### What the exercise asks
Omit the pictures and return exactly the stretch of the material below from the line with "Rose Rose Vif" through the line with "gelato batter by".

### Data
# # #

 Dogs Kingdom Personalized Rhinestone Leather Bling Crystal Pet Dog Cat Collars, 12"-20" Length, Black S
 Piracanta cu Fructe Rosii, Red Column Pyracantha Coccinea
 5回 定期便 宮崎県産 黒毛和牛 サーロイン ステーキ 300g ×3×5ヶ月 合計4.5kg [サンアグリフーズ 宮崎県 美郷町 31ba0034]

# # #

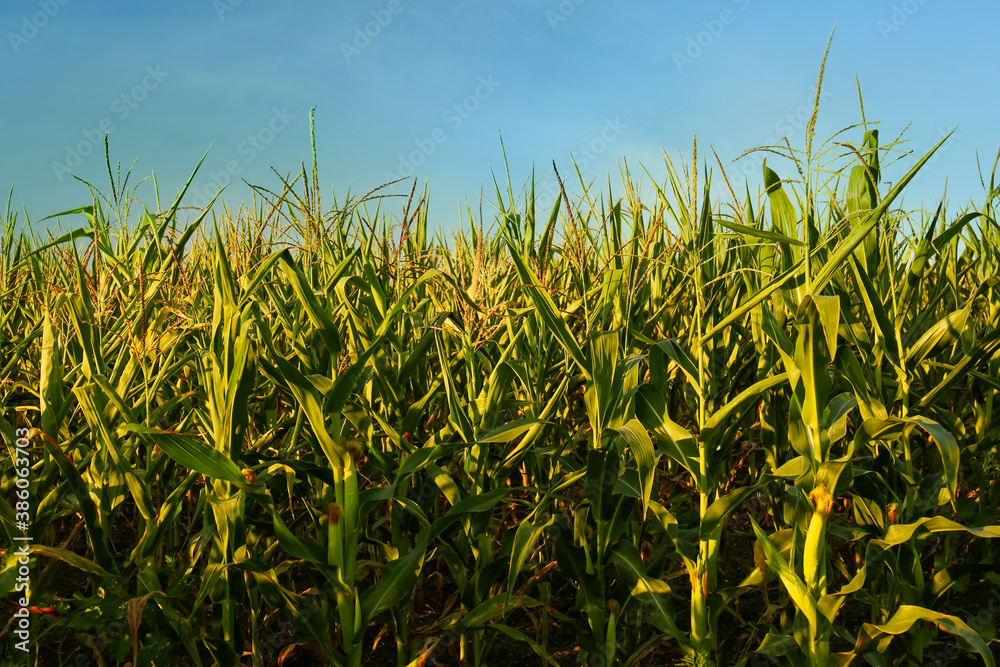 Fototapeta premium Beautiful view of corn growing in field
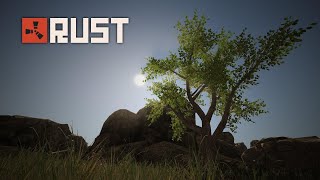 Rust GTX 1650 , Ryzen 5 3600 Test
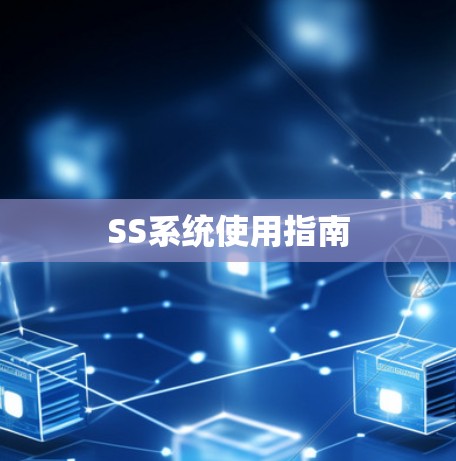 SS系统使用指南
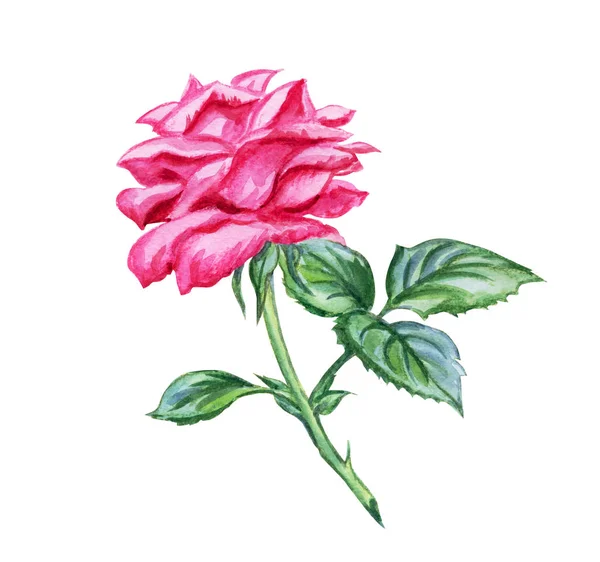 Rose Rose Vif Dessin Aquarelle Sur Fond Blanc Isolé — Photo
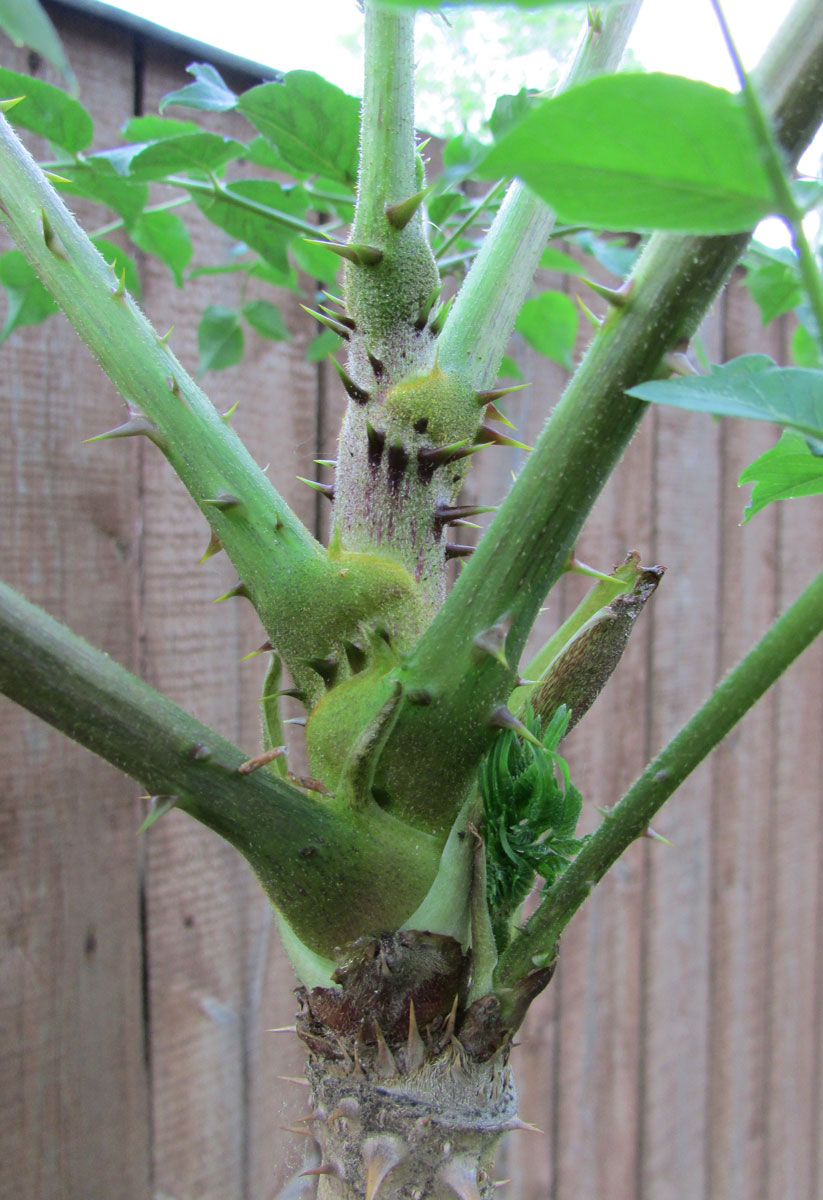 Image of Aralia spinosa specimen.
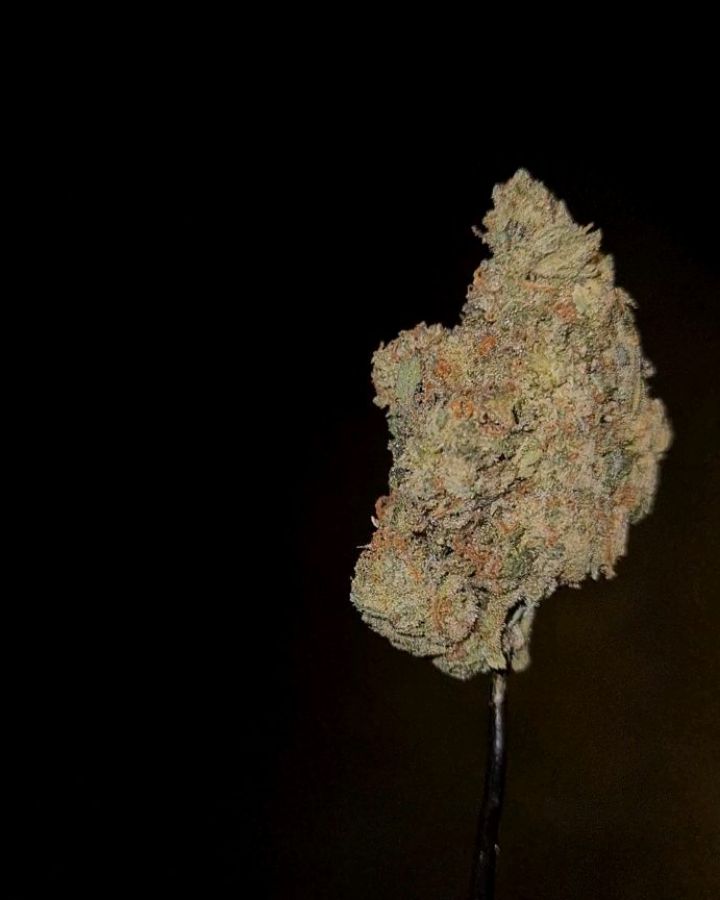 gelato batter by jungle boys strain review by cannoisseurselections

# # #

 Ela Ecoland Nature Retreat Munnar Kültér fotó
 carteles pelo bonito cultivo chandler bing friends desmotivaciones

# # #

### Result for this task
 Rose Rose Vif Dessin Aquarelle Sur Fond Blanc Isolé — Photo
 Image of Aralia spinosa specimen.
 gelato batter by jungle boys strain review by cannoisseurselections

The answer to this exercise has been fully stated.